**Requirement**
Without including any pictures, reproduce all the lines below word for word.

**Information supplied**
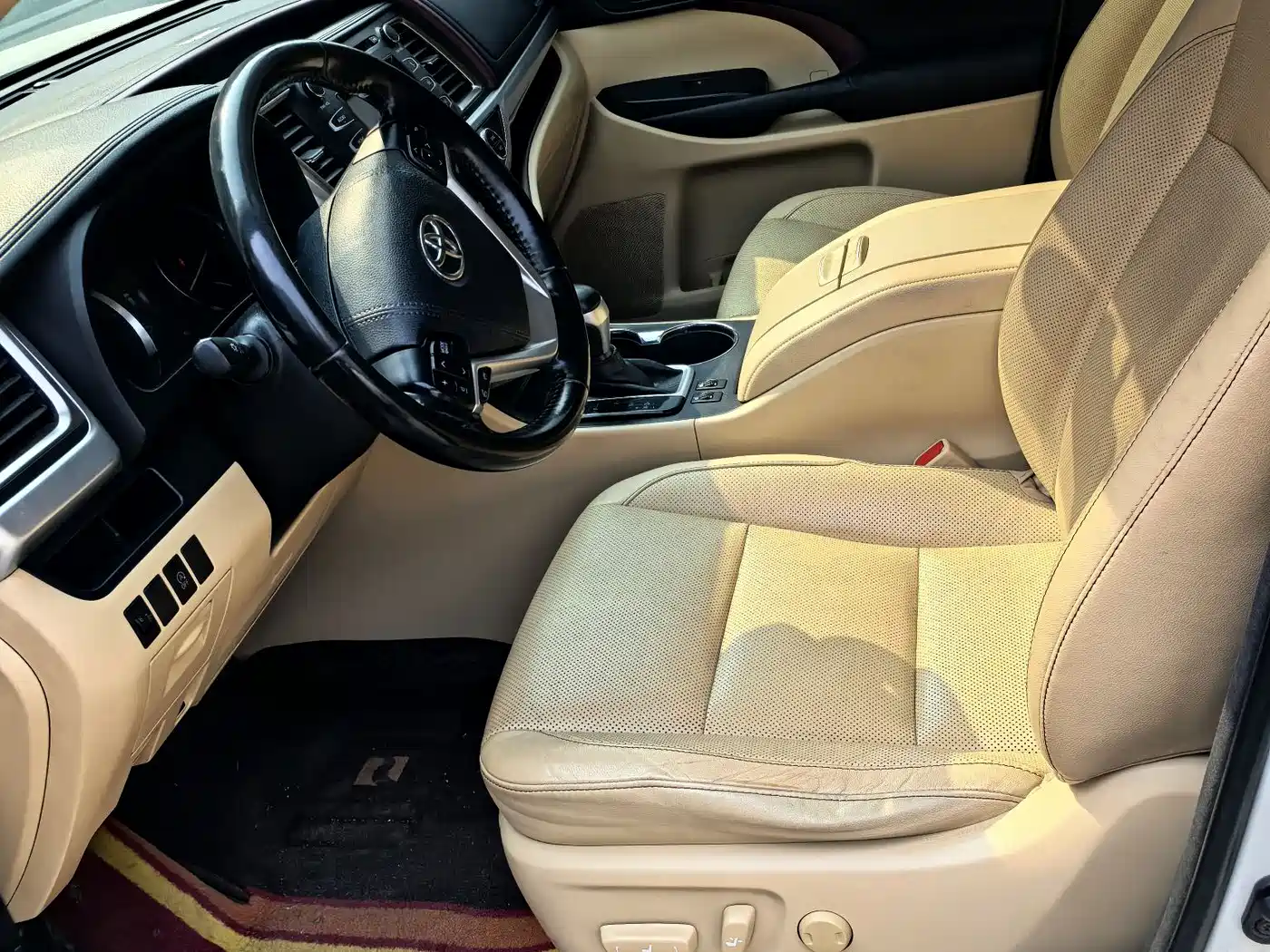 Toyota Highlander 2015 2.0T AWD Luxury Edition 7-seater фото 5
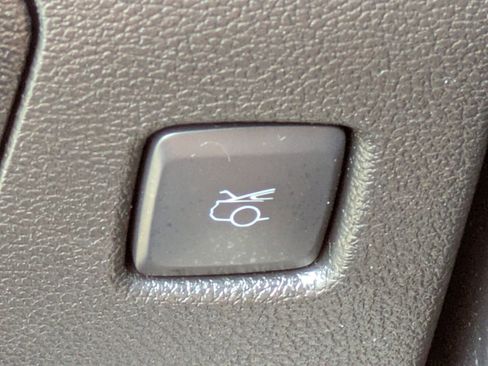 Used 2016 Ford Mustang V6 w/ Equipment Group 051A image 29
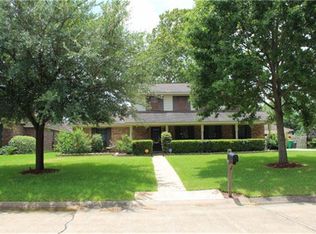 5105 Arrowhead Dr, Baytown, TX 77521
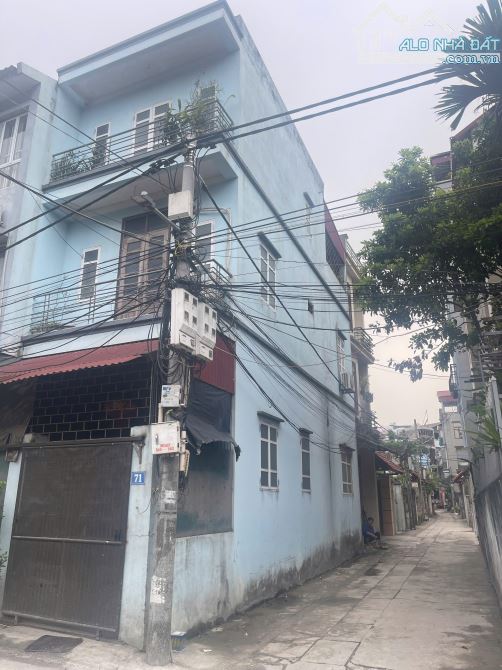 Bán nhà 3 tầng 2 mặt thoáng đường ô tô tránh Thạch Bàn DT 51.5m2 . Giá 10.8 tỷ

**Result**
 Toyota Highlander 2015 2.0T AWD Luxury Edition 7-seater фото 5
 Used 2016 Ford Mustang V6 w/ Equipment Group 051A image 29
 5105 Arrowhead Dr, Baytown, TX 77521
 Bán nhà 3 tầng 2 mặt thoáng đường ô tô tránh Thạch Bàn DT 51.5m2 . Giá 10.8 tỷ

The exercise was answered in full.